What is prompt engineering?

Prompt engineering process definition

Prompt engineering is an engineering technique used to design inputs for generative AI tools to tune large language models and refine outputs.

Prompts are referred to as inputs, while the answers generated by the generative AI tool are the outputs. Accuracy and specificity at the input level—this is where prompt engineering comes in—is how the generative AI tool produces more accurate and specific answers in turn.
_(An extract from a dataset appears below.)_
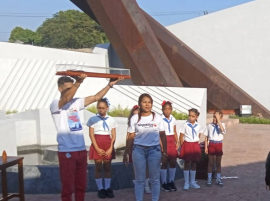 Llega a Santiago de Cuba Réplica del Machete de Antonio Maceo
With effective prompt engineering, a generative AI tool better performs its generative tasks, such as producing code, writing marketing copy, creating images, analyzing and synthesizing text, and more.

Prompt engineering combines the principles of logic and coding. It also requires some human creativity. Prompt engineering requirements can vary from one technology to the next, though most generative AI tools can process natural language prompts or queries. In other words, prompt engineering is like asking a question with specific instructions that help guide how the answer is prepared.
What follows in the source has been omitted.